To borrow the words of Mr. Emerson in E.M. Forster’s A Room With A View, I need to “pull out from the depths the thoughts that [I] do not understand, and spread them out in the sunlight” so I may know the meaning of them (Um, does that mean I have to hang my copy of 2666 out on the clothesline?). Only in this case, there is that possibility that the author may have intended his reader to exercise the probe but to never really know his meaning. And there’s also that little complication: the fact that Bolaño only finished three quarters of the last book.
2666 is the last of my 2010 reads (and hey, I did read 635 pages for the Chunkster Challenge, but I will definitely pick it up again in the future, and maybe even reread some portions. I want to read some of his other works (recommendations, anyone? RISE?) in preparation for the final volume of 2666.
***
2666, first edition hardcover, rating reserved.
Book #206 for 2010
B for the A-Z Challenge, Chunkster #6
[amazonify]::omakase::300:250[/amazonify]
Kudos for you for even trying to read this book..lol. It so doesn’t even remotely sounds like something I would try and read from your little synopsis of the Parts but its cool you are giving it a try.
I considered it my biggest challenge last year!
Blooey, is that a geometry book too in the photo? :)
Great succinct synopses. It’s dark in so many places and I think you nailed it with: “hulking cave of stylistic literature that the reader has to burrow through, where each tunnel branches into more complex straits.” I like the idea you expressed of bringing out the the book to the light of day.
I think ‘Distant Star’ or ‘Last Evenings on Earth’ will be good intermission.
Thanks Rise! It’s not a geometry book, though — I don’t have one! :)
Will look for those titles you suggested. I only have Amulet I think.

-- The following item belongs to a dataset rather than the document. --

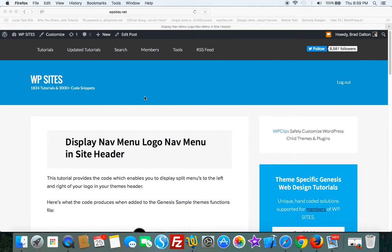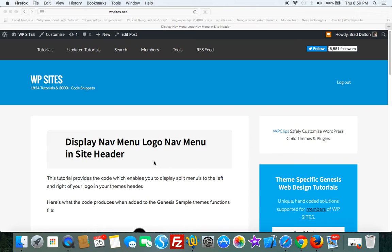Here's the tutorial on WPSites.net. Thanks for watching, and see you next time. Cheers!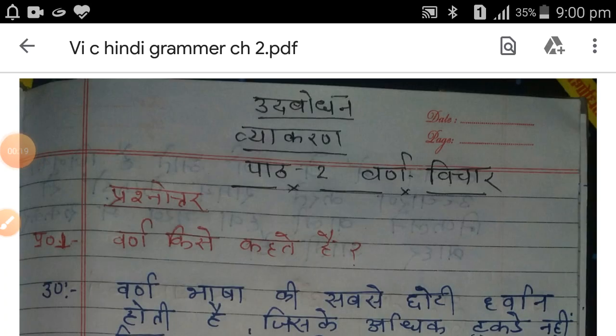Good morning students, today I am going to teach you chapter number two, this is the second part of the question.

I’m with Stormi on this. Congrats on even attempting this and finishing off a chunk of it!!
Thanks Lina!
Found a copy of 2666 at Booksale last month… I need to put my intelligence+perseverance-hat on before tackling this hefty volume… :D
JM, wow, at Book Sale? Dianne found one in an NBS bargain bin naman.
Some parts are nosebleed-inducing, but ultimate worth it, I promise. Every so often I would just go slack-jawed in wonder.